Your problem is NP-hard. It's basically a variant of SAT. You shouldn't expect any algorithm that is provably efficient. Instead, I recommend you use an off-the-shelf SAT solver; since your problem is basically SAT, that's probably about as good as you can do, without a lot of effort tuning for your particular scenario.
NP-hardness: In particular, if every element of every set $S_i$ has exactly $m-1$ don't-cares (has only a single bit set to 0 or 1), then your problem becomes exactly $n$-CNF-SAT with $m$ variables and $N$ clauses. We know that $n$-CNF-SAT is NP-hard; it follows that this special case of your problem is NP-hard, and thus your problem in general is NP-hard.

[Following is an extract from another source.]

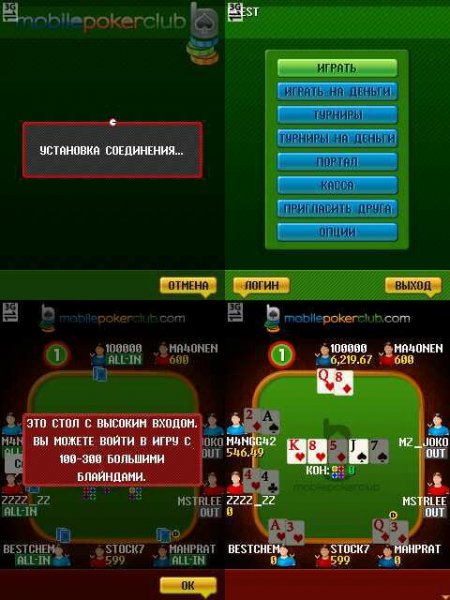 Mobile Poker Club online 320x240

Using a SAT solver: Introduce variables $x_1,\dots,x_m$ representing the string you're trying to find. Then we obtain a formula of the form
$$\Psi(x_1,\dots,x_m) = \bigwedge_{i=1}^N \bigvee_{j=1}^n \phi_{i,j}(x_1,\dots,x_m),$$
where each $\phi_{i,j}$ is a conjunction of literals. The goal is to find an assignment $x_1,\dots,x_m$ that makes $\Psi(x_1,\dots,x_m)$ true.

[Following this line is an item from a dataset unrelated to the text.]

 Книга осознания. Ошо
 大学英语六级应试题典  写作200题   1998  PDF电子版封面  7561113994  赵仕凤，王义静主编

You can formulate this as a SAT instance by applying the Tseitin transform. In other words, introduce variables $y_{i,j}$, then add CNF clauses enforcing that $y_{i,j} = \phi_{i,j}(x_1,\dots,x_m)$ as well as CNF clauses $(y_{i,1} \lor \dots \lor y_{i,n})$ for all $i$. The Tseitin transform tells you how to add the former clauses. In particular, you add the clause $(\neg y_{i,j} \lor \neg x_k)$ if the $j$th element of $S_i$ has a 0 in its $k$th bit; add the clause $(\neg y_{i,j} \lor x_l)$ if the $j$th element of $S_i$ has a 1 in its $l$th bit; and add the clause $(y_{ij} \lor x_k \lor \neg x_l \lor \dots)$ if the $j$th element of $S_i$ has a 0 in its $k$ bit and a 1 in its $l$th bit and so on. Or, use a SAT front-end that will let you input arbitrary formulas and will do the Tseitin transform for you -- for instance, STP is a nice tool for that purpose.
Then, let the off-the-shelf SAT solver look for a satisfying assignment for you.